**WORK REQUEST:** The reply should hold every line of the listing exactly, and none of its images.

**DATA SECTION:**
--------------------
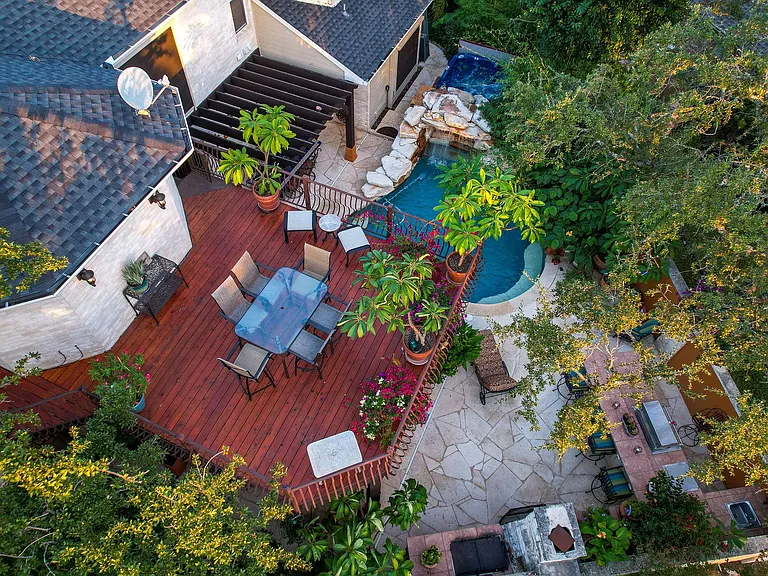 215 Tellus St — Photo 3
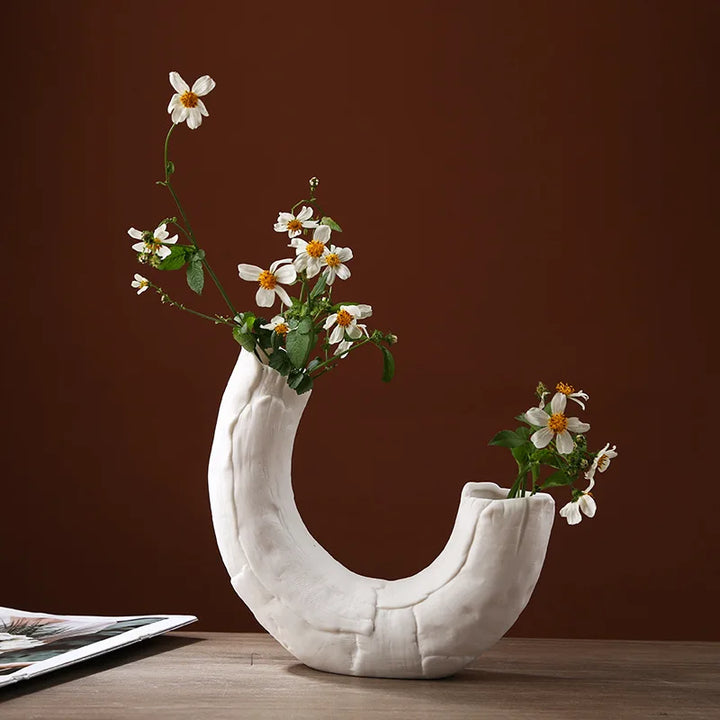 Nordic U-Shape Ceramic Vase – Modern Art Centerpiece for Pampas Grass, Dried Flowers, and Home Office Decor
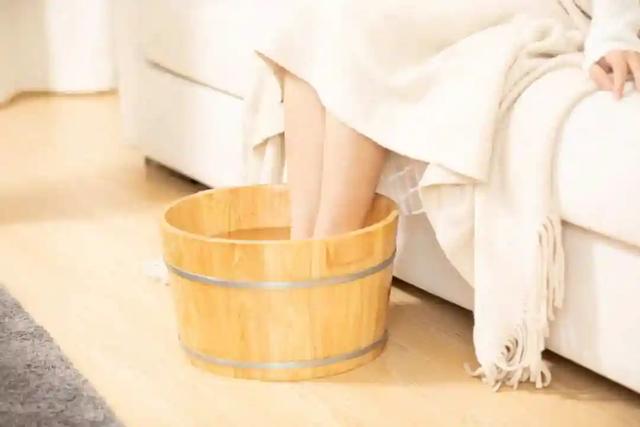 人活多久，看腿脚就知道？寿命长的人，下半身往往有这5个信号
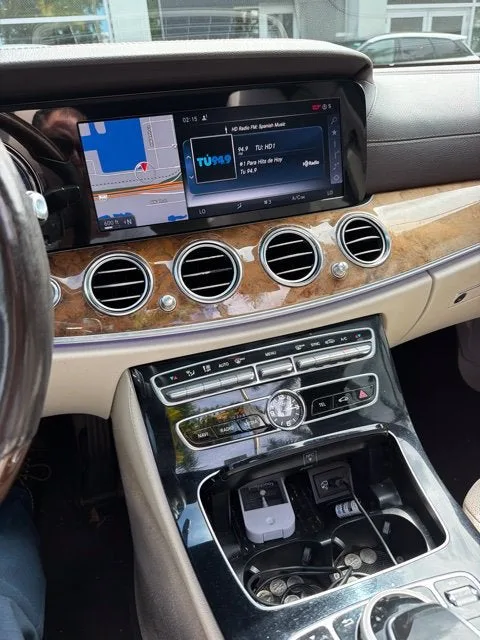2017 Mercedes-Benz E-Class E 300 Luxury photo 3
--------------------
**RESULT FOR THIS EXERCISE:**
 215 Tellus St — Photo 3
 Nordic U-Shape Ceramic Vase – Modern Art Centerpiece for Pampas Grass, Dried Flowers, and Home Office Decor
 人活多久，看腿脚就知道？寿命长的人，下半身往往有这5个信号
2017 Mercedes-Benz E-Class E 300 Luxury photo 3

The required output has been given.